A mechanical hand is on show on the Robotic Mall, world’s first embodied clever robotic 4S retailer, on August 13, 2025 in Beijing, China.
Vcg | Visible China Group | Getty Photographs
BEIJING — Alibaba Cloud is investing in a brand new sort of synthetic intelligence designed to higher replicate the true world utilizing a unique strategy from chatbots similar to OpenAI’s ChatGPT.
The shift acknowledges the limits of “massive language fashions” skilled totally on textual content. As a substitute, builders are beginning to focus extra on “world fashions” constructed on movies and real-life bodily eventualities.
To leap on the development, Alibaba led a 2 billion yuan ($290 million) funding in ShengShu, the startup behind the AI video technology software Vidu, the corporate introduced Friday.
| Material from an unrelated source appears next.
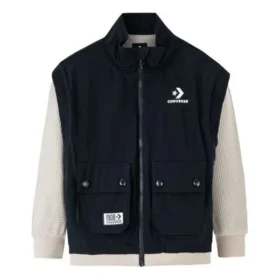 Veste à fermeture éclair intégrale, tailles asiatiques « Noir Blanc »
TAL Schooling and Baidu Ventures additionally participated within the collection B funding spherical.
The funding comes about two months after ShengShu raised 600 million yuan from Qiming Enterprise Companions and different backers. The startup declined to reveal its valuation.
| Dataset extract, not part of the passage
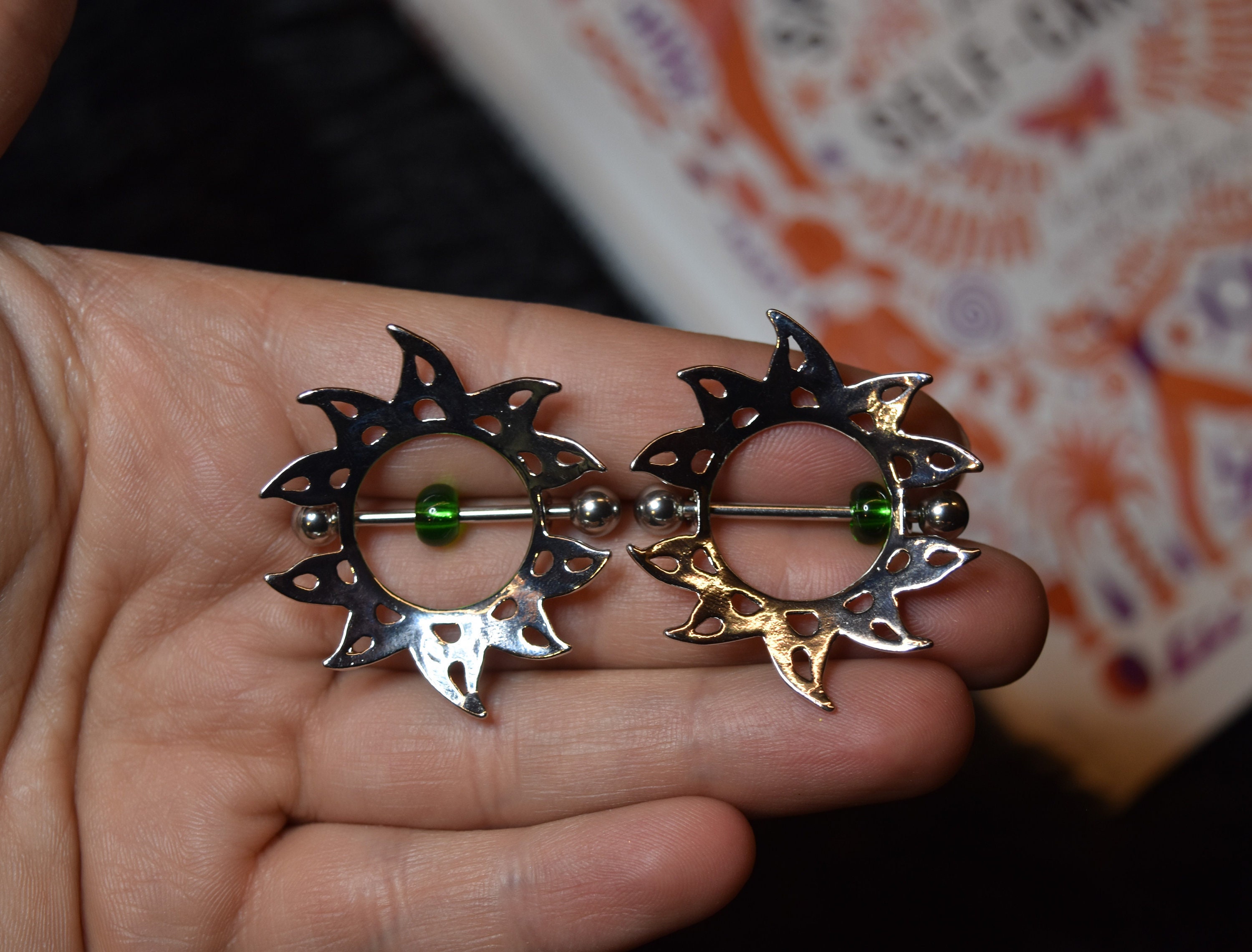 Rising Sun Silver Nipple Shield Pair Nipple Piercing Nipple Shields Nipple Jewelry Nipple Rings Nipple Stud Spring Shopping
ShengShu mentioned the most recent funding will help the event of a “basic world mannequin” that makes use of AI to bridge two at the moment separate domains: the digital world of video games and AI-generated video, and the bodily world of autonomous driving and robots.
“ShengShu believes {that a} basic world mannequin, constructed on multimodal information similar to imaginative and prescient, audio, and contact, extra naturally captures how the bodily world works than massive language fashions,” the three-year-old startup mentioned in a press release.
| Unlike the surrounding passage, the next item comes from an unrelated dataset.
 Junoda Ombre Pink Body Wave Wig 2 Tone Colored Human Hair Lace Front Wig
“We purpose to attach notion and motion,” Zhu Jun, founding father of ShengShu, added in a press release, permitting AI methods to higher mannequin and predict real-world habits persistently.
ShengShu’s newest Vidu Q3 Professional mannequin, launched in January, ranks among the many prime 10 AI fashions for producing movies from textual content and pictures, in keeping with Synthetic Evaluation.
The corporate launched Vidu globally months earlier than OpenAI made its now-shuttered Sora software for AI video technology extensively out there. Chinese language short-video firms Kuaishou and ByteDance have additionally launched related competing AI instruments for producing movies.
World mannequin competitors
Alibaba has expanded its investments in associated startups.
The Chinese language tech large and Baidu Ventures final month led a $50 million funding in Tripo AI, a platform that makes use of AI to rapidly generate digital 3D fashions from pictures. Tripo mentioned it is usually transferring away from methods utilized by language fashions towards AI instruments grounded in bodily area and is creating its personal world mannequin.
In September, Alibaba additionally led a $60 million funding in PixVerse, which launched an AI world mannequin earlier this 12 months that enables customers to direct how a video unfolds whereas it’s being generated.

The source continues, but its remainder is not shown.